AIM OF THE TASK: Every line of the data below should be printed exactly.

Short web captions:
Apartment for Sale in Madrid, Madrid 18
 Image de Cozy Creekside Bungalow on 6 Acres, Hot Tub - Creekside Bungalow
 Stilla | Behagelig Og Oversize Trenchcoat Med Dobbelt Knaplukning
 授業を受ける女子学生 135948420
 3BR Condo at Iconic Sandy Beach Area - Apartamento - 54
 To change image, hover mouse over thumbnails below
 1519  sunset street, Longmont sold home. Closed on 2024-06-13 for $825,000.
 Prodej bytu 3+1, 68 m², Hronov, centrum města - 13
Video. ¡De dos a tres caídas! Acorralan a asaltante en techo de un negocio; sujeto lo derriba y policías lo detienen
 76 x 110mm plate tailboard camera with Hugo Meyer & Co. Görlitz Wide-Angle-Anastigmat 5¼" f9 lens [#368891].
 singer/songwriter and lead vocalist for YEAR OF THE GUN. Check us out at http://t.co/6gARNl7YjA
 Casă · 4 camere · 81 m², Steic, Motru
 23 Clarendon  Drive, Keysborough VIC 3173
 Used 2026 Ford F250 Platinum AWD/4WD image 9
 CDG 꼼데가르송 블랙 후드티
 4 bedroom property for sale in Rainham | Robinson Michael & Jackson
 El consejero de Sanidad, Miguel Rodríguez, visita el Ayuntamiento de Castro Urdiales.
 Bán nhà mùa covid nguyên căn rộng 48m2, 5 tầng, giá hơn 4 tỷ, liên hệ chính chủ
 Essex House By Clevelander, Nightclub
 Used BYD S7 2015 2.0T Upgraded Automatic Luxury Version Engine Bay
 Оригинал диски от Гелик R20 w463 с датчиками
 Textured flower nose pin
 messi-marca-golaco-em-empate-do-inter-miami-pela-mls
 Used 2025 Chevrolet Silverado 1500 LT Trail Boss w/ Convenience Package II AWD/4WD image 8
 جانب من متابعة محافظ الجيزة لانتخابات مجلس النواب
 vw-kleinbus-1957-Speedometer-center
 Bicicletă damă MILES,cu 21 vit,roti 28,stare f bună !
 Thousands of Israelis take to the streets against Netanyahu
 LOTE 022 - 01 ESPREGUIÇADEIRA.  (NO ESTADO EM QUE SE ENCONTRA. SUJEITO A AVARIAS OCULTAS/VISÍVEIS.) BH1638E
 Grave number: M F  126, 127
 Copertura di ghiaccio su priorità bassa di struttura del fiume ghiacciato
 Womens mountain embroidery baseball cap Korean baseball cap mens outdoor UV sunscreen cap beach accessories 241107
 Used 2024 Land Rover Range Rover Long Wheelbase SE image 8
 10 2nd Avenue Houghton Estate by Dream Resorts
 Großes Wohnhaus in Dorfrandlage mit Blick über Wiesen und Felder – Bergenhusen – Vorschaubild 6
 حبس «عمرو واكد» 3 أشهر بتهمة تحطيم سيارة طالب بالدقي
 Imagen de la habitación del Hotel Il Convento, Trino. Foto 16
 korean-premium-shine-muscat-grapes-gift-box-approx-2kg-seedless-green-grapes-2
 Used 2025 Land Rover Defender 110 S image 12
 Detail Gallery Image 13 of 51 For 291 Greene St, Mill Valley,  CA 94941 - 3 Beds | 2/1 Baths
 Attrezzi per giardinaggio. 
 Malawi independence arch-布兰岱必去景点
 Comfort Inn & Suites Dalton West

SOLUTION FOR THIS TASK:
Apartment for Sale in Madrid, Madrid 18
 Image de Cozy Creekside Bungalow on 6 Acres, Hot Tub - Creekside Bungalow
 Stilla | Behagelig Og Oversize Trenchcoat Med Dobbelt Knaplukning
 授業を受ける女子学生 135948420
 3BR Condo at Iconic Sandy Beach Area - Apartamento - 54
 To change image, hover mouse over thumbnails below
 1519  sunset street, Longmont sold home. Closed on 2024-06-13 for $825,000.
 Prodej bytu 3+1, 68 m², Hronov, centrum města - 13
Video. ¡De dos a tres caídas! Acorralan a asaltante en techo de un negocio; sujeto lo derriba y policías lo detienen
 76 x 110mm plate tailboard camera with Hugo Meyer & Co. Görlitz Wide-Angle-Anastigmat 5¼" f9 lens [#368891].
 singer/songwriter and lead vocalist for YEAR OF THE GUN. Check us out at http://t.co/6gARNl7YjA
 Casă · 4 camere · 81 m², Steic, Motru
 23 Clarendon  Drive, Keysborough VIC 3173
 Used 2026 Ford F250 Platinum AWD/4WD image 9
 CDG 꼼데가르송 블랙 후드티
 4 bedroom property for sale in Rainham | Robinson Michael & Jackson
 El consejero de Sanidad, Miguel Rodríguez, visita el Ayuntamiento de Castro Urdiales.
 Bán nhà mùa covid nguyên căn rộng 48m2, 5 tầng, giá hơn 4 tỷ, liên hệ chính chủ
 Essex House By Clevelander, Nightclub
 Used BYD S7 2015 2.0T Upgraded Automatic Luxury Version Engine Bay
 Оригинал диски от Гелик R20 w463 с датчиками
 Textured flower nose pin
 messi-marca-golaco-em-empate-do-inter-miami-pela-mls
 Used 2025 Chevrolet Silverado 1500 LT Trail Boss w/ Convenience Package II AWD/4WD image 8
 جانب من متابعة محافظ الجيزة لانتخابات مجلس النواب
 vw-kleinbus-1957-Speedometer-center
 Bicicletă damă MILES,cu 21 vit,roti 28,stare f bună !
 Thousands of Israelis take to the streets against Netanyahu
 LOTE 022 - 01 ESPREGUIÇADEIRA.  (NO ESTADO EM QUE SE ENCONTRA. SUJEITO A AVARIAS OCULTAS/VISÍVEIS.) BH1638E
 Grave number: M F  126, 127
 Copertura di ghiaccio su priorità bassa di struttura del fiume ghiacciato
 Womens mountain embroidery baseball cap Korean baseball cap mens outdoor UV sunscreen cap beach accessories 241107
 Used 2024 Land Rover Range Rover Long Wheelbase SE image 8
 10 2nd Avenue Houghton Estate by Dream Resorts
 Großes Wohnhaus in Dorfrandlage mit Blick über Wiesen und Felder – Bergenhusen – Vorschaubild 6
 حبس «عمرو واكد» 3 أشهر بتهمة تحطيم سيارة طالب بالدقي
 Imagen de la habitación del Hotel Il Convento, Trino. Foto 16
 korean-premium-shine-muscat-grapes-gift-box-approx-2kg-seedless-green-grapes-2
 Used 2025 Land Rover Defender 110 S image 12
 Detail Gallery Image 13 of 51 For 291 Greene St, Mill Valley,  CA 94941 - 3 Beds | 2/1 Baths
 Attrezzi per giardinaggio. 
 Malawi independence arch-布兰岱必去景点
 Comfort Inn & Suites Dalton West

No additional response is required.